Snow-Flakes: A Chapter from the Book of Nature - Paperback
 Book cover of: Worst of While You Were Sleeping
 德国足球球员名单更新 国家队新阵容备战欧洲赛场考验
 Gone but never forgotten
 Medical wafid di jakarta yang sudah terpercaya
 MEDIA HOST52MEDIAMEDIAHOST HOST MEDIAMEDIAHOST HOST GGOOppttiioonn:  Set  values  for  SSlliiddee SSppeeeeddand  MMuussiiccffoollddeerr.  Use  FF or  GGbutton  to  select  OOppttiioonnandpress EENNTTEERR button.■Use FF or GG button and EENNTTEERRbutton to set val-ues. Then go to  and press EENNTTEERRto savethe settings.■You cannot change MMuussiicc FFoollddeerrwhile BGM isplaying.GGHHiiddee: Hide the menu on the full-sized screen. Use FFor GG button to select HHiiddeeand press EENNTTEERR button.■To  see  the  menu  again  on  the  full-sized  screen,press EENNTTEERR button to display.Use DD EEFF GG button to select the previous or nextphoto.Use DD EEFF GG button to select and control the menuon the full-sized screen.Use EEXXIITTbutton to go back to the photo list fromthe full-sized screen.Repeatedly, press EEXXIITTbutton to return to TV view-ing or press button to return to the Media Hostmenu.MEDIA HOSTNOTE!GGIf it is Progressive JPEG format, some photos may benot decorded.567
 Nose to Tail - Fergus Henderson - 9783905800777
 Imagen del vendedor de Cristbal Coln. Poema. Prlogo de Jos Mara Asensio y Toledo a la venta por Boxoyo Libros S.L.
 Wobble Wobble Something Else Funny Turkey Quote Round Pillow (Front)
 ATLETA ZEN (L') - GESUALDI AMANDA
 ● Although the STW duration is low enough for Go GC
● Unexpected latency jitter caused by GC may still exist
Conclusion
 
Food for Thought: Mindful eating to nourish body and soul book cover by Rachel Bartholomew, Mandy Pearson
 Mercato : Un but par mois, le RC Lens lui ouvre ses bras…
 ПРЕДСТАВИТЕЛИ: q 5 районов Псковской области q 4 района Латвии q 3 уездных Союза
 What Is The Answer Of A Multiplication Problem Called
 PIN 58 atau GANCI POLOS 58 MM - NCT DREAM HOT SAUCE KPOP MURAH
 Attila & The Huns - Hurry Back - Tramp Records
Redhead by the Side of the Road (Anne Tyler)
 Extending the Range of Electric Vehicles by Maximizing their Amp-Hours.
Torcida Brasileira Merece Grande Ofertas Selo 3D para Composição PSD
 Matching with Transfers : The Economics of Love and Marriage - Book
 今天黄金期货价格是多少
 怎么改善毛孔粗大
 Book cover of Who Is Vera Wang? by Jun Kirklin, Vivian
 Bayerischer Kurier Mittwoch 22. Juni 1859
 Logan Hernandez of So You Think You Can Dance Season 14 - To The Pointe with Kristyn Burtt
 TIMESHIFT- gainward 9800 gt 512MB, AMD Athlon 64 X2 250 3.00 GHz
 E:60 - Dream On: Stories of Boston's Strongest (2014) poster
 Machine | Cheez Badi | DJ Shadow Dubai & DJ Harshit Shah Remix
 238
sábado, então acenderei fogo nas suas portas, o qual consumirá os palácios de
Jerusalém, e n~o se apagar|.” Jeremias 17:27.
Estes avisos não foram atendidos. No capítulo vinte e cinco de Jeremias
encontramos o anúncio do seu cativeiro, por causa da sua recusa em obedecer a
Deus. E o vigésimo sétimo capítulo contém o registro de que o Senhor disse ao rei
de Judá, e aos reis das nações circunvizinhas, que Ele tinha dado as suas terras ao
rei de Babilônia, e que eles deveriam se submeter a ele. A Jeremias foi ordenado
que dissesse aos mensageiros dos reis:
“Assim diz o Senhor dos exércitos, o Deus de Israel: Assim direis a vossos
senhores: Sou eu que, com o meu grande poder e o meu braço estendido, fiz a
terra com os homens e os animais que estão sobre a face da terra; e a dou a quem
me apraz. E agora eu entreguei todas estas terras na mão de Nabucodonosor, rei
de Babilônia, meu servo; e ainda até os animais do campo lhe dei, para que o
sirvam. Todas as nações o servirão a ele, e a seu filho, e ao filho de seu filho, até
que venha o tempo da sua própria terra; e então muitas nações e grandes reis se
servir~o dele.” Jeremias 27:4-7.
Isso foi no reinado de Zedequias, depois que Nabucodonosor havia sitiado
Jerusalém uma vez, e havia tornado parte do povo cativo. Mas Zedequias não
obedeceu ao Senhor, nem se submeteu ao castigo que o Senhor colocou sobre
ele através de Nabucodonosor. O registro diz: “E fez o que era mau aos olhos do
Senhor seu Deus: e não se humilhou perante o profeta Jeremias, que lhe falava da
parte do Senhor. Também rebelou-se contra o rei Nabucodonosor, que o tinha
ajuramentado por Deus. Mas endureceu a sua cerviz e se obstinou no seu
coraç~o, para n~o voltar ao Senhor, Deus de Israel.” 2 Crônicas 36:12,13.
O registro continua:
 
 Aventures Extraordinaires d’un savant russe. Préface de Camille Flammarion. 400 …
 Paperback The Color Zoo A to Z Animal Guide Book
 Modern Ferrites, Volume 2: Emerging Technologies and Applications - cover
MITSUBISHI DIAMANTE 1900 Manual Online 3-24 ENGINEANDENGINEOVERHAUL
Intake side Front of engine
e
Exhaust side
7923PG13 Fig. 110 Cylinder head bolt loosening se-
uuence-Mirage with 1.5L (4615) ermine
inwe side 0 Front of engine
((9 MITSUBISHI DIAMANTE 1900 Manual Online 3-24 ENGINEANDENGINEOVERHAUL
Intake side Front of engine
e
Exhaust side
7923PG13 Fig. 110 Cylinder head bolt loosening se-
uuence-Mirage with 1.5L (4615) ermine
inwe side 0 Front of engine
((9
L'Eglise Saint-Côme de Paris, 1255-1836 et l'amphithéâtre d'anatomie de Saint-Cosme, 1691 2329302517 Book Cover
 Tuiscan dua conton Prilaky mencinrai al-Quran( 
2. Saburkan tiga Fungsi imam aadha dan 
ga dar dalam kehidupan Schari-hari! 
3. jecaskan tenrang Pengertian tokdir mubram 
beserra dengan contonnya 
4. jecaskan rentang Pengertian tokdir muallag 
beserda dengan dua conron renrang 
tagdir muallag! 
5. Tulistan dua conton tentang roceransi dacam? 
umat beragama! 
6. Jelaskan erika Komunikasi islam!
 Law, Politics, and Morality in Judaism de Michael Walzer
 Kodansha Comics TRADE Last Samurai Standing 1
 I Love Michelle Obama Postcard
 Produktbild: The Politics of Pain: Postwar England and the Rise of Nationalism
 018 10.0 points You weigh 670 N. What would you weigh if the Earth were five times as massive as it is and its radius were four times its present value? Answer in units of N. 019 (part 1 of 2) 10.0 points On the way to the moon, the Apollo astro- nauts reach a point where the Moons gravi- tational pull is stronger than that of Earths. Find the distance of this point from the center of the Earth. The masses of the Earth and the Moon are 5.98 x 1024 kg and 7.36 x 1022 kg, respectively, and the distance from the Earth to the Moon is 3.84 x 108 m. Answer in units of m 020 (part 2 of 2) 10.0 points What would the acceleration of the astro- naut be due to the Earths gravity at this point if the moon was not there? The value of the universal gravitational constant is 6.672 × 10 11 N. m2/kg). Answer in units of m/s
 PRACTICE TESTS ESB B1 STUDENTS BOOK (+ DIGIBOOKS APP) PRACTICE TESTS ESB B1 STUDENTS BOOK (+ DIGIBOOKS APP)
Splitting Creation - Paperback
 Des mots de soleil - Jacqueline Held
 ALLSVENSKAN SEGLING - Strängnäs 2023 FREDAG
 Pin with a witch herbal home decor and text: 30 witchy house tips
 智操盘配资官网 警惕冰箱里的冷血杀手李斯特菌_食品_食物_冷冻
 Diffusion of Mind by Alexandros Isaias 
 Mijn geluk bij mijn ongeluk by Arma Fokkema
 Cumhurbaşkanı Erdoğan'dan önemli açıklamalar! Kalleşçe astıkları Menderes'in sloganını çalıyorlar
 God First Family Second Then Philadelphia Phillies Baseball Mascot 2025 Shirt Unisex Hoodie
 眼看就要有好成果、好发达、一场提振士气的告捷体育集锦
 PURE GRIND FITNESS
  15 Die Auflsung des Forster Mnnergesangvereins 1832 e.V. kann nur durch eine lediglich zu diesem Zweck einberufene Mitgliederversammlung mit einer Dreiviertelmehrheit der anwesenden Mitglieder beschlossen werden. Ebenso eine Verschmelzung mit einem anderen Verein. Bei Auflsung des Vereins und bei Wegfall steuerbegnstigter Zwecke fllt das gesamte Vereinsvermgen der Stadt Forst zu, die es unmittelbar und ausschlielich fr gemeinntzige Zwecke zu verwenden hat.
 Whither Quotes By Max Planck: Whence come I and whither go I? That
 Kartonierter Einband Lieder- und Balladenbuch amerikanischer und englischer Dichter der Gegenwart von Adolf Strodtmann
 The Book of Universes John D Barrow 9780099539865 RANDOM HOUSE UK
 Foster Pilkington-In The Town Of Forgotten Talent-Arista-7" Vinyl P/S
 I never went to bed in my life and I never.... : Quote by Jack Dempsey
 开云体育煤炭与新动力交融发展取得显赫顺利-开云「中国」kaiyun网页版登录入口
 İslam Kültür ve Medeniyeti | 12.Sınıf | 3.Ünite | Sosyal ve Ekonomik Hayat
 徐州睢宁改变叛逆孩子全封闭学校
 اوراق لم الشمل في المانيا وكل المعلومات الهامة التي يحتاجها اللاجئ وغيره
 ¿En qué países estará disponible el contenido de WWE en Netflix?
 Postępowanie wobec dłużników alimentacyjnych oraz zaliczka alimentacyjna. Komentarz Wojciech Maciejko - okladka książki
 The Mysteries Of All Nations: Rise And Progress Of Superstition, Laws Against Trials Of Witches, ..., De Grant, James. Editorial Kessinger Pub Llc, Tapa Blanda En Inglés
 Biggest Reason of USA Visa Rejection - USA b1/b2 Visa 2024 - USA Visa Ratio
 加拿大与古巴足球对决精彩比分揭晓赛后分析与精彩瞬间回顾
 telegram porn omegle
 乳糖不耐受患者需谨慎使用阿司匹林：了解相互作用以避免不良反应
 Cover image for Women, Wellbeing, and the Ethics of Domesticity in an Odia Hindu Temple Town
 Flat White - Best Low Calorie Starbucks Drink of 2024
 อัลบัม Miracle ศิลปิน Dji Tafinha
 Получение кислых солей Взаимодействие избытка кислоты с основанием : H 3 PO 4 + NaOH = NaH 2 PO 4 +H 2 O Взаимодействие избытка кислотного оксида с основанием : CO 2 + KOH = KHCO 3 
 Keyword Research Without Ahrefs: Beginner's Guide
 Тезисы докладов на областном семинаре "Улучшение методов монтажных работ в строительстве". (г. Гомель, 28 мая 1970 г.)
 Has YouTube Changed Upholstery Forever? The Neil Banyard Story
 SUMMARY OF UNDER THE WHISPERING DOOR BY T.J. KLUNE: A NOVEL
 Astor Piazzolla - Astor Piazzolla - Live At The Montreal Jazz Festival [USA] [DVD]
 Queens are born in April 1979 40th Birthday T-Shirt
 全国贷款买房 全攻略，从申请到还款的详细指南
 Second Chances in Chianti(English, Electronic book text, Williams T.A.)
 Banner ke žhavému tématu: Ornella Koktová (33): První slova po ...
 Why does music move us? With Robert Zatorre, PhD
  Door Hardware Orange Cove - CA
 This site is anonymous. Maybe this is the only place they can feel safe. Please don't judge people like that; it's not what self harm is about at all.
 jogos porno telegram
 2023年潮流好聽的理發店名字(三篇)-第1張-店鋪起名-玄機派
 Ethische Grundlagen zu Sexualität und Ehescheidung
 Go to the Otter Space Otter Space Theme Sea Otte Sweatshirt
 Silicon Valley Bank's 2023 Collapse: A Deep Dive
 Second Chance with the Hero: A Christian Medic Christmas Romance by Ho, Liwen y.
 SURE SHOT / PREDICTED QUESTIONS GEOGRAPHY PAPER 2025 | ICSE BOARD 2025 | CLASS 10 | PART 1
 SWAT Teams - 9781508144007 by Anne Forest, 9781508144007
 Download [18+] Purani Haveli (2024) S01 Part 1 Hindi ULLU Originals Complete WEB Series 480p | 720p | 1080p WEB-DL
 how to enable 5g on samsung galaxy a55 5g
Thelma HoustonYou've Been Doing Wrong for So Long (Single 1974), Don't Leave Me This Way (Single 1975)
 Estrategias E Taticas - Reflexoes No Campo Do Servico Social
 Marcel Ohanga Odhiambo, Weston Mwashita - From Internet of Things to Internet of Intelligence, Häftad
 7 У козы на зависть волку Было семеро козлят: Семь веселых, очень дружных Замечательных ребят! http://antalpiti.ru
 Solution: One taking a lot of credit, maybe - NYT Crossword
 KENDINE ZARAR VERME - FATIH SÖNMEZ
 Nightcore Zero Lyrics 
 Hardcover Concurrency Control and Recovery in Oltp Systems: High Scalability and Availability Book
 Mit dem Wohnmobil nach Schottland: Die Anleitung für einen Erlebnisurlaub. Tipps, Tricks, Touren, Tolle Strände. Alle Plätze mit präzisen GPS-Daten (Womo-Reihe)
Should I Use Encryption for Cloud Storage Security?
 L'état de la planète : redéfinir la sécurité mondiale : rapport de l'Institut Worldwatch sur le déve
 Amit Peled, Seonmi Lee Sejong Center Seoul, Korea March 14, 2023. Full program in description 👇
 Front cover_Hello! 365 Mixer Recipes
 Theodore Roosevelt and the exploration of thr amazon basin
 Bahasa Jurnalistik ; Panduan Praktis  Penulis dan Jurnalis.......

━━━━

WHAT THE TASK ASKS => The expected answer is an exact copy of the lines above, beginning at the line with "Medical wafid di" and ending at the line with "enough for Go GC", with both ends in.

EXERCISE RESULT =>
 Medical wafid di jakarta yang sudah terpercaya
 MEDIA HOST52MEDIAMEDIAHOST HOST MEDIAMEDIAHOST HOST GGOOppttiioonn:  Set  values  for  SSlliiddee SSppeeeeddand  MMuussiiccffoollddeerr.  Use  FF or  GGbutton  to  select  OOppttiioonnandpress EENNTTEERR button.■Use FF or GG button and EENNTTEERRbutton to set val-ues. Then go to  and press EENNTTEERRto savethe settings.■You cannot change MMuussiicc FFoollddeerrwhile BGM isplaying.GGHHiiddee: Hide the menu on the full-sized screen. Use FFor GG button to select HHiiddeeand press EENNTTEERR button.■To  see  the  menu  again  on  the  full-sized  screen,press EENNTTEERR button to display.Use DD EEFF GG button to select the previous or nextphoto.Use DD EEFF GG button to select and control the menuon the full-sized screen.Use EEXXIITTbutton to go back to the photo list fromthe full-sized screen.Repeatedly, press EEXXIITTbutton to return to TV view-ing or press button to return to the Media Hostmenu.MEDIA HOSTNOTE!GGIf it is Progressive JPEG format, some photos may benot decorded.567
 Nose to Tail - Fergus Henderson - 9783905800777
 Imagen del vendedor de Cristbal Coln. Poema. Prlogo de Jos Mara Asensio y Toledo a la venta por Boxoyo Libros S.L.
 Wobble Wobble Something Else Funny Turkey Quote Round Pillow (Front)
 ATLETA ZEN (L') - GESUALDI AMANDA
 ● Although the STW duration is low enough for Go GC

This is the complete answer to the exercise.